Koolstofdioxide wordt van nature in de atmosfeer geproduceerd, maar de niveaus worden gevaarlijk verhoogd door landbouw- en landbouwprocessen. CO2, dat kleurloos en reukloos is, wordt uitgestoten door landbouwwerktuigen, de teelt van gewassen en vee en andere landbouwprocessen. CO2 kan zich op bepaalde plaatsen verzamelen, zoals afvaltanks en silo's, waardoor de zuurstof in de lucht wordt verdrongen en het risico op verstikking voor dieren en mensen toeneemt. Afgesloten silo's, afval- en graanopslagruimten zijn bijzonder gevaarlijk omdat CO2 zich hier kan ophopen en ertoe kan leiden dat ze ongeschikt zijn voor mensen zonder externe luchttoevoer.
Stikstofdioxide (NO2), een van de zeer reactieve stikstofoxidegroepen, kan in het ergste geval een plotselinge dood veroorzaken bij consumptie, zelfs bij kortstondige blootstelling. Dit gas veroorzaakt verstikking en wordt uitgestoten uit silo's als gevolg van specifieke chemische reacties van plantaardig materiaal. Het is herkenbaar aan zijn bleekachtige geur en heeft de neiging een rood-bruine waas te vormen. Omdat het zich boven bepaalde oppervlakken verzamelt, kan het via silogoten in gebieden met vee terechtkomen, en vormt daarom een reëel gevaar voor mens en dier in de omgeving. Het kan ook de longfunctie aantasten, inwendige bloedingen veroorzaken en aanhoudende ademhalingsproblemen.

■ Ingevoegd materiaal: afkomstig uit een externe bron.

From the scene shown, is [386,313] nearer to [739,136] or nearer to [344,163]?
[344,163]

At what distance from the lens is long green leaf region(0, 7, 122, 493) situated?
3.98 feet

In het VK is de Control of Substances Hazardous to Health (controle op stoffen die gevaarlijk zijn voor de gezondheid) een verordening die van toepassing is op alle sectoren waarin de werknemers regelmatig worden blootgesteld aan een aantal schadelijke chemische stoffen. Dit is niet meer van toepassing dan in de landbouw en de agrarische sector, waar werknemers in aanraking komen met detergentia, ontsmettingsmiddelen, pesticiden, meststoffen waaronder ammoniumnitraat en diergeneesmiddelen. COSHH biedt werkgevers richtsnoeren en handvaten om werknemers tegen deze gevaren te beschermen.
De Britse Code of Good Agricultural Practice (COGAP) voor het terugdringen van ammoniakemissies is opgesteld door DEFRA in samenwerking met de landbouwsector. In de code wordt gedetailleerd aangegeven welke stappen moeten worden ondernomen om de ammoniakuitstoot binnen het vastgestelde tijdskader te verminderen: 8% tegen 2020 en 16% tegen 2030. De te nemen maatregelen omvatten de beste manier om organische meststoffen op te slaan en toe te passen, manieren om kunstmest toe te passen en manieren om de voeding en de huisvesting van de veestapel aan te passen.
In de EU heeft de Europese Commissie een reeks richtlijnen en regelingen gelanceerd om de veiligheid binnen de landbouwsector in haar lidstaten te regelen. Het gaat onder meer om EU-verordening 1151/2012 inzake kwaliteitsregelingen voor landbouwproducten en levensmiddelen, en EU-verordening 668/2014 over de wijze waarop EU-verordening 1151/2012 inzake kwaliteitsregelingen voor landbouwproducten en levensmiddelen moet worden toegepast.